*EXERCISE AIM:* In the records below, find the line with "Mira (plus) Kadın Bordo Mont" and repeat exactly every line from it through the line with "Vivienne Westwood jean". Pictures stay out.

*DATA EXTRACT:*
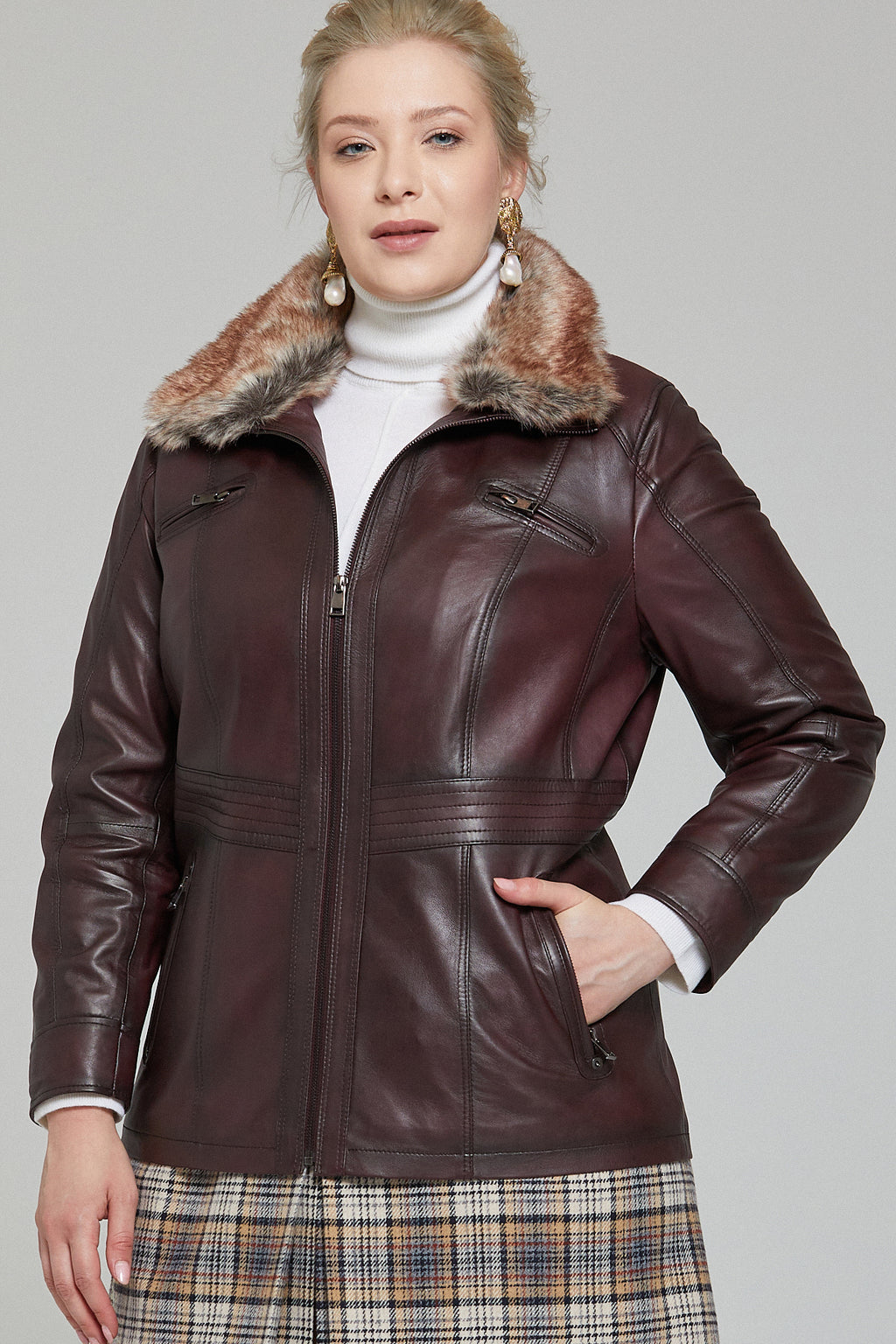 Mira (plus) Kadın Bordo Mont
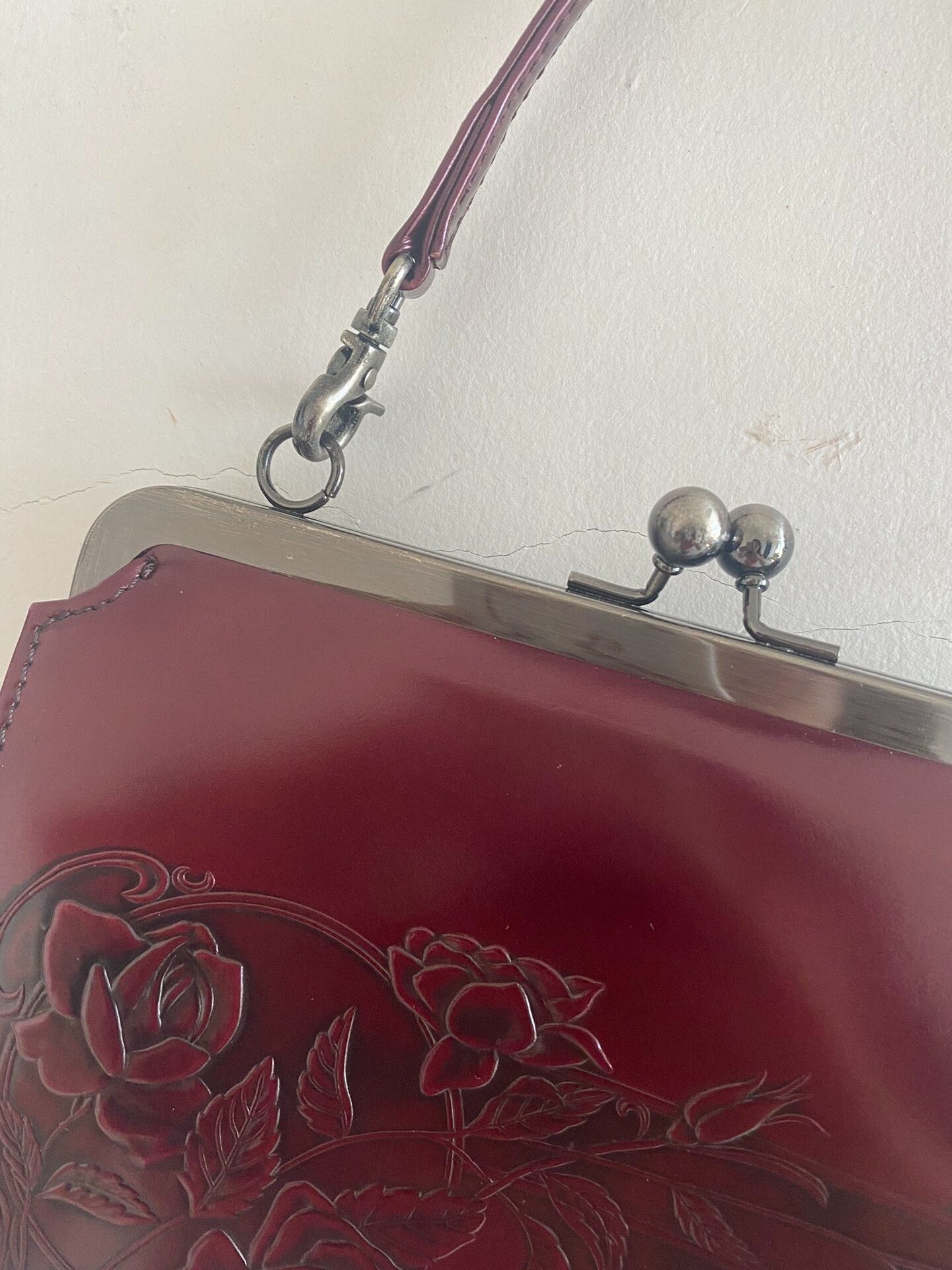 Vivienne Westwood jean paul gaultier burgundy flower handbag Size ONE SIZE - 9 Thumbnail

* * *

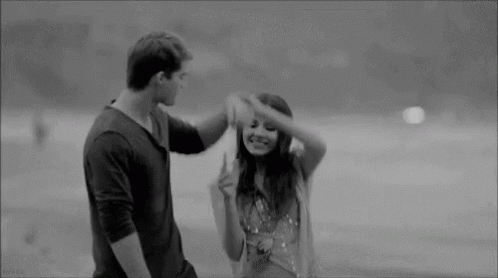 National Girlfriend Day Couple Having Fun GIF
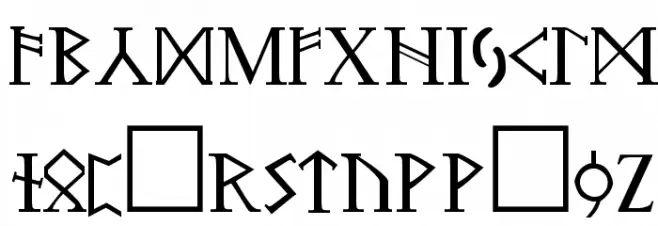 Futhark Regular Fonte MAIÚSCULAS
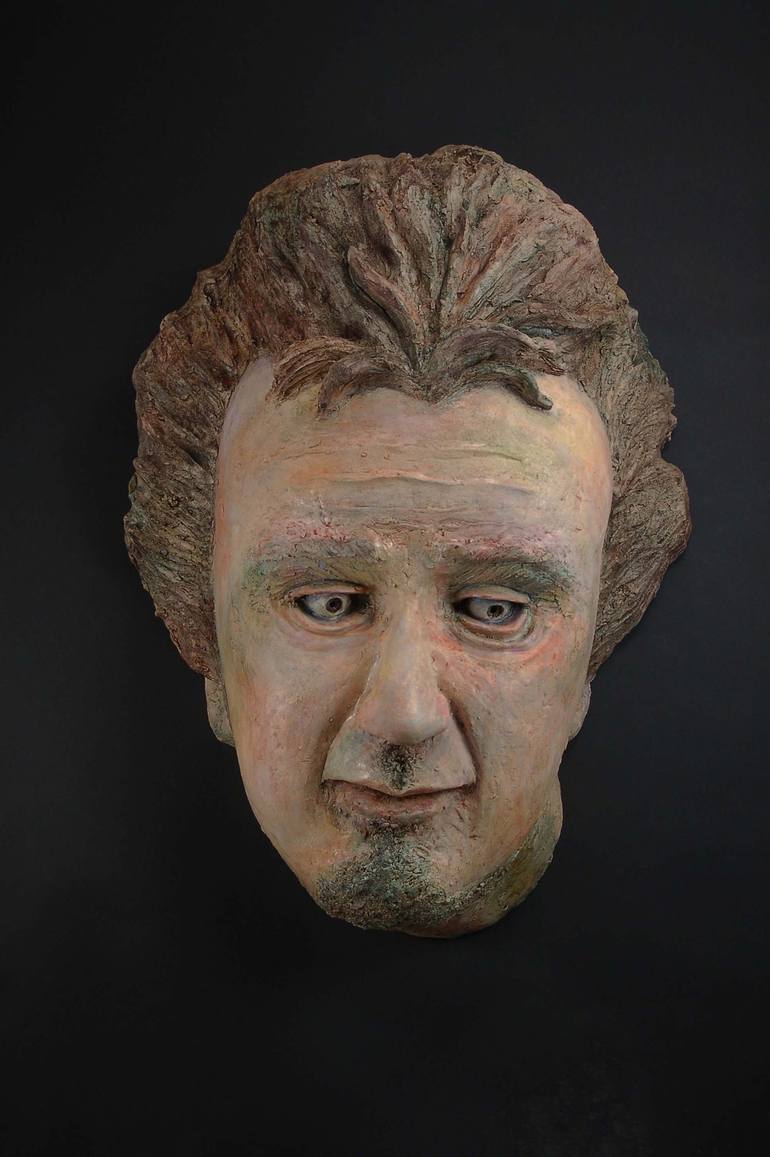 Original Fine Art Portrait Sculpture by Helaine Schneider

*OUTPUT OF THE EXERCISE:*
 Mira (plus) Kadın Bordo Mont
 Vivienne Westwood jean paul gaultier burgundy flower handbag Size ONE SIZE - 9 Thumbnail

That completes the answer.